Syriac and Garshuni Inscriptions of Iraq, Répertoire des inscriptions syriaques

Académie des inscriptions et belles-lettres
2010

This momentous two-volume publication deals with the Christian history of Iraq. The collection of ca. 600 inscriptions reflects in multiple ways the history of the Christian communities from the early days under the Parthians and the Sassanians, through the Islamic and Ottoman period, until the present day. Throughout their history Iraqi Christians have lived as minorities in a non-Christian and non-Syriac environment. They have had to respond, therefore, to the challenges and opportunities that the majority culture presented to them. Furthermore, from the 5th or 6th cent. onwards Syriac Christianity became divided between the followers of the Dyophysite dogma associated with the names of Nestorius and Theodore of Mopsuestia and those that adopted Miaphysite beliefs – both regarded as heretical by the Chalcedonian Roman and later Byzantine Imperial Church (as well as by Western Christianity). In the modern period, all communities were exposed to missionary efforts by the Western Churches, which led to the creation of “Uniate” Churches.
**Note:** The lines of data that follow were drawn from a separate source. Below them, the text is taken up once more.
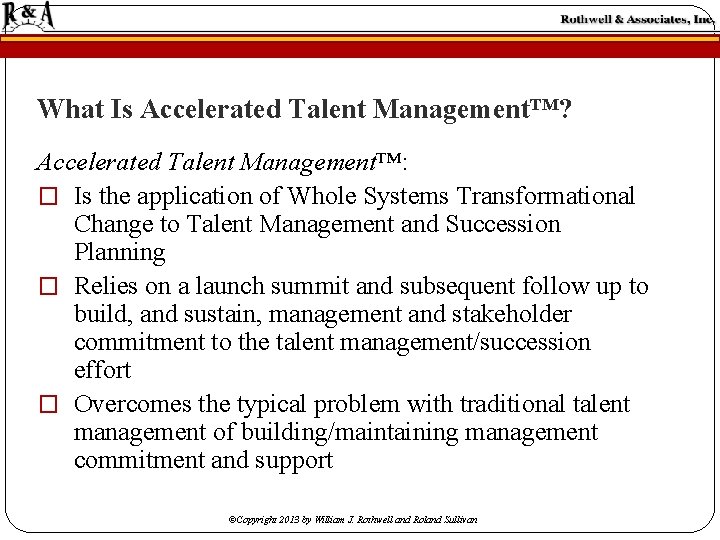 Accelerated Talent Management ATM Using Whole Systems Methodology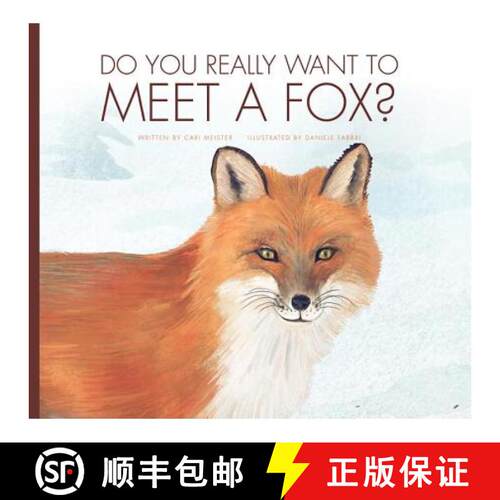【3-4周达】精装 Do You Really Want to Meet a Fox? [9781681513928]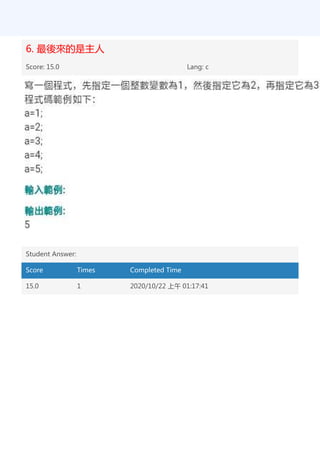 6. 最後來的是主人
Score: 15.0 Lang: c
Student Answer:
Score Times Completed Time
15.0 1 2020/10/22 上午 01:17:41
 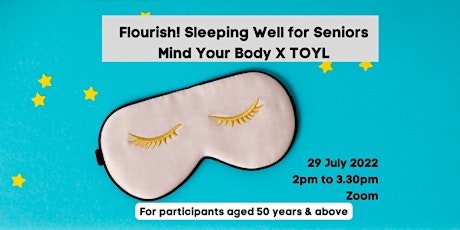 Flourish! Sleeping Well for Seniors (Zoom) | Mind Your Body x TOYL tickets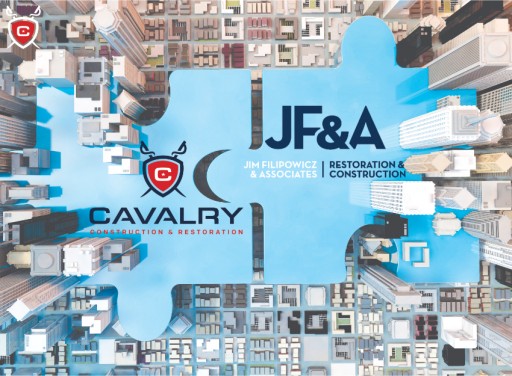 Cavalry Construction & Restoration and Jim Filipowicz & Associates Merge Forces to Be Top Leaders in the Restoration and Reconstruction Industries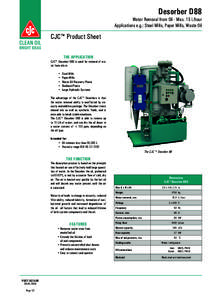 Desorber D88 Water Removal from Oil - Max. 15 L/hour Applications e.g.: Steel Mills, Paper Mills, Waste Oil CJC™ Product Sheet THE APPLICATION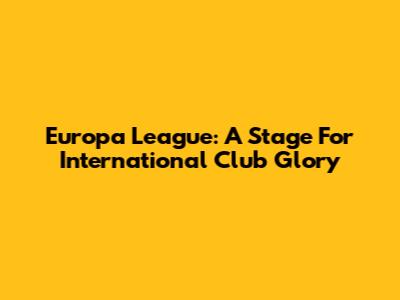 Europa League: A Stage For International Club Glory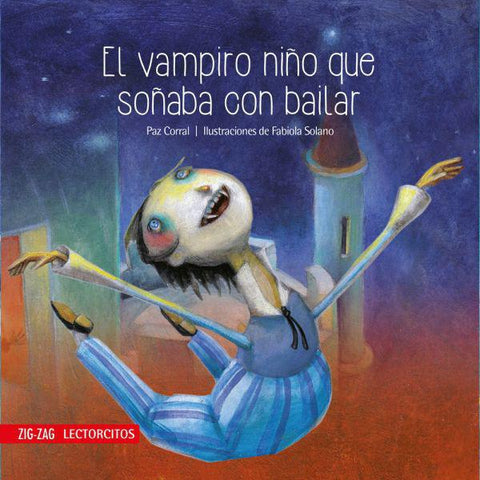 El Vampiro Niño Que Soñaba Con Bailar - Paz Coreal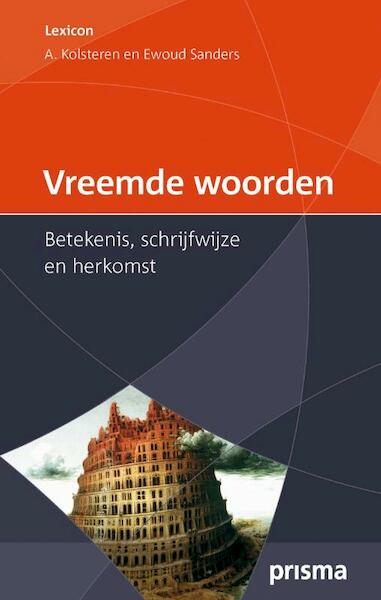 Prisma Vreemde woorden - A. van Kolsteren, A. Kolsteren, Ewoud Sanders (ISBN 9789049106010)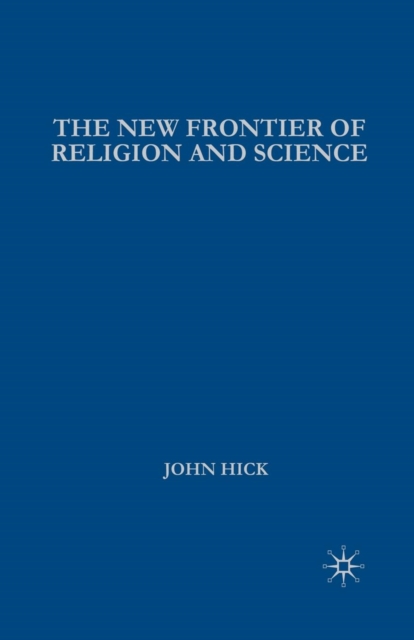 The New Frontier of Religion and Science : Religious Experience, Neuroscience, and the Transcendent, Paperback / softback Book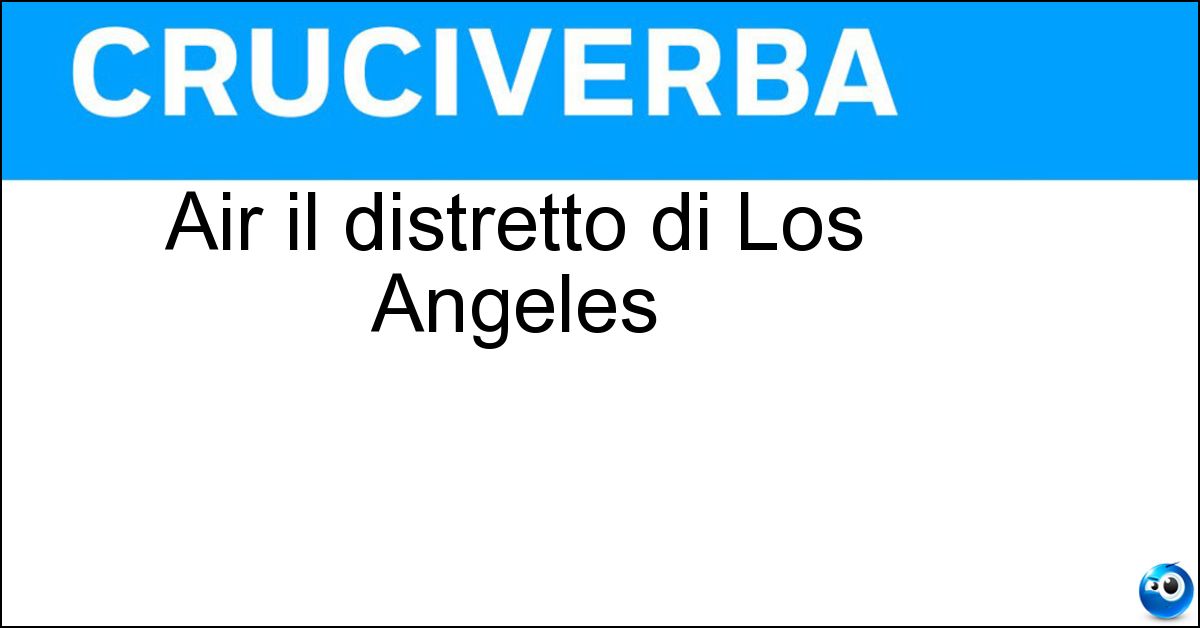 Air il distretto di Los Angeles Soluzione Air il distretto di Los Angeles - Bel
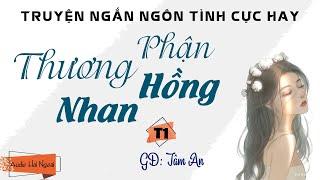 Truyện Ngắn Ngôn Tình Cực Hay - Thương Phận Hồng Nhan Tập 1- GĐ Tâm An - Hay Nhức Nhối Ai Cũng Khen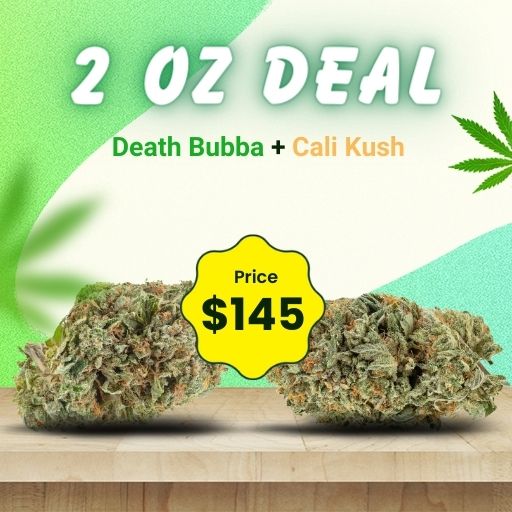 2 Oz Deal Death Bubba + Cali Kush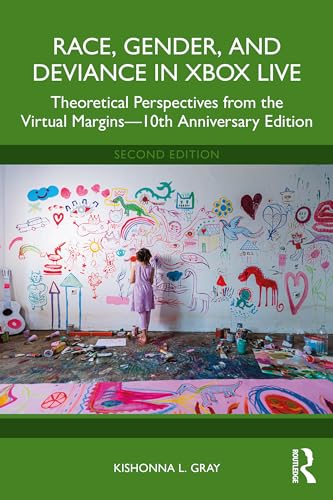 Race, Gender, and Deviance in Xbox Live Theoretical Perspectives from the Virtual Margins : 10th Anniversary Edition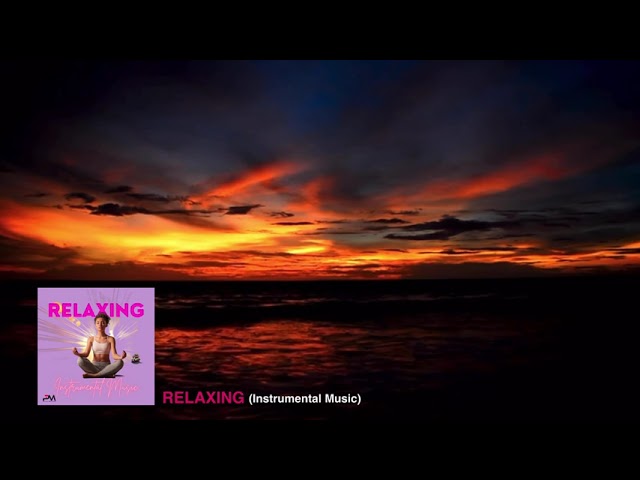 Relaxing Instrumental Music - Musica Instrumental de Relajacion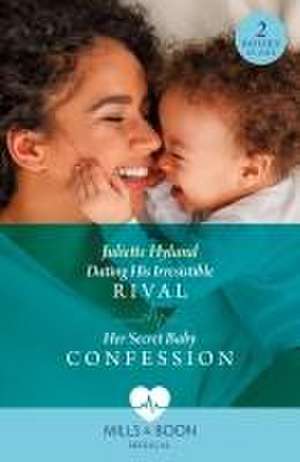 Dating His Irresistible Rival / Her Secret Baby Confession de Juliette Hyland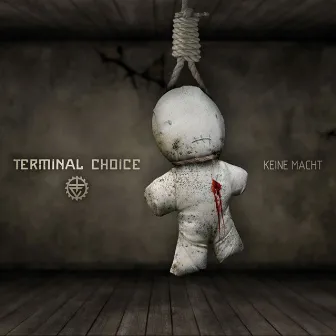 Keine Macht by Terminal Choice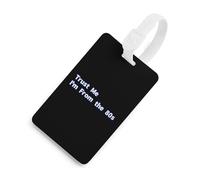 Trust Me I Am from The 80s Funny Luggage Tag Identifiers Travel Bag Tags with Name ID Label for Suitcase Backpack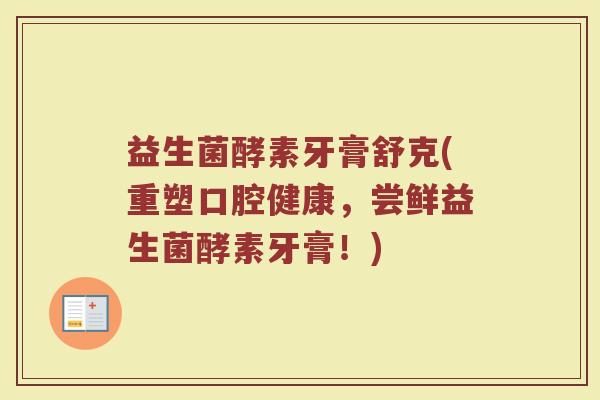益生菌酵素牙膏舒克(重塑口腔健康，尝鲜益生菌酵素牙膏！)
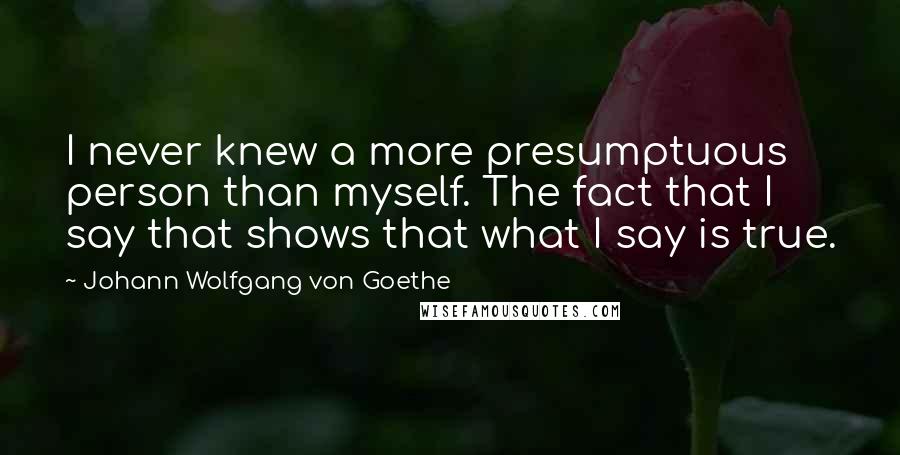 Johann Wolfgang Von Goethe Quotes: I never knew a more presumptuous person than myself. The fact that I say that shows that what I say is true.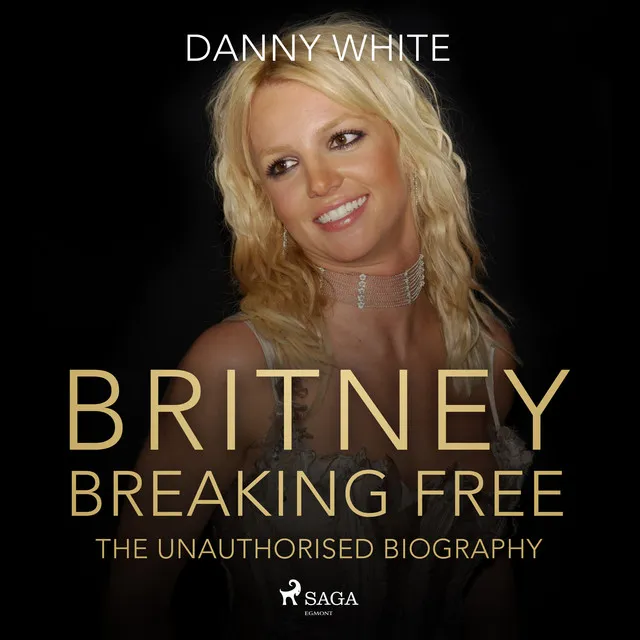 Chapter 3.4 - BRITNEY: Breaking Free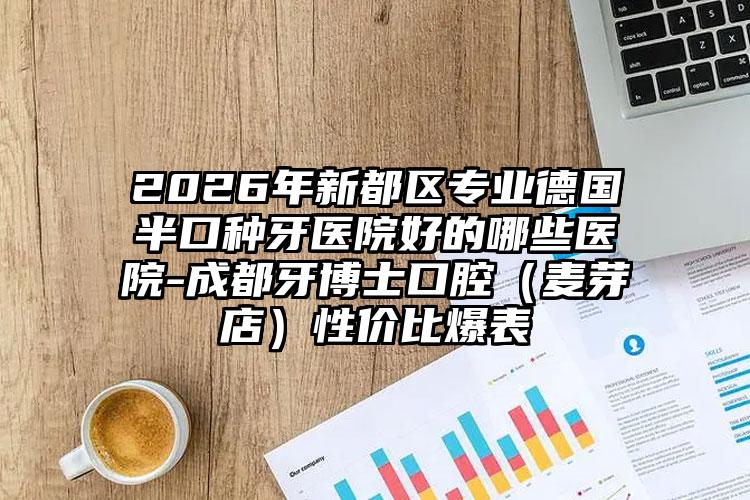 2026年新都区专业德国半口种牙医院好的哪些医院-成都牙博士口腔（麦芽店）性价比爆表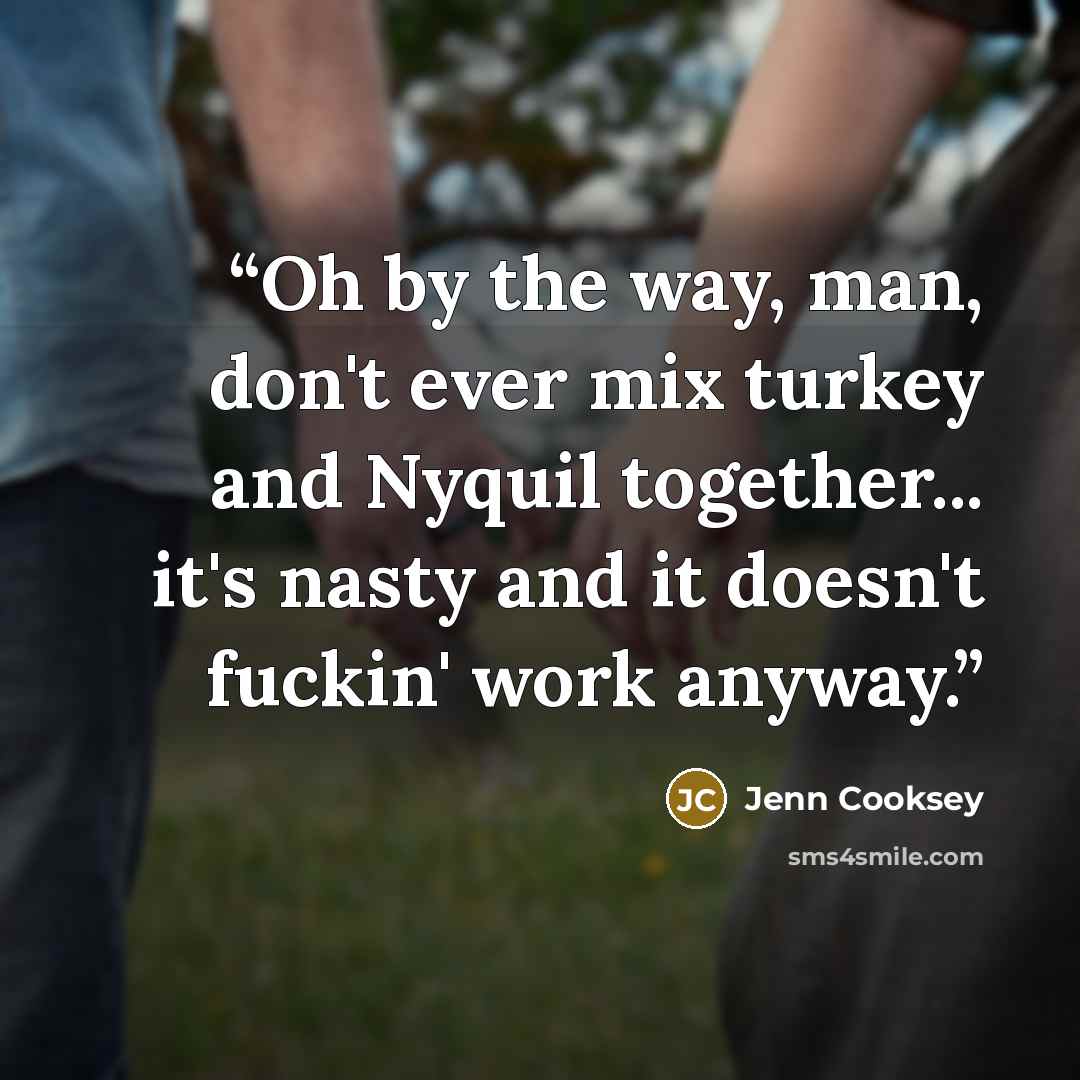 “Oh by the way, man, don't ever mix turkey and Nyquil together... it's nasty and it doesn't fuckin' work anyway.” quote by Jenn Cooksey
The inscriptions studied here, therefore, belong to four different ecclesiastical traditions: the Church of the East or Assyrian Church (Dyophysite, previously known as “Nestorian”); the Syriac Orthodox Church (Miaphysite, previously known as “Jacobite”); the Chaldean Church, which is the Uniate offshoot of the Church of the East; and the Syriac Catholic Church, which separated from the Syriac Orthodox tradition.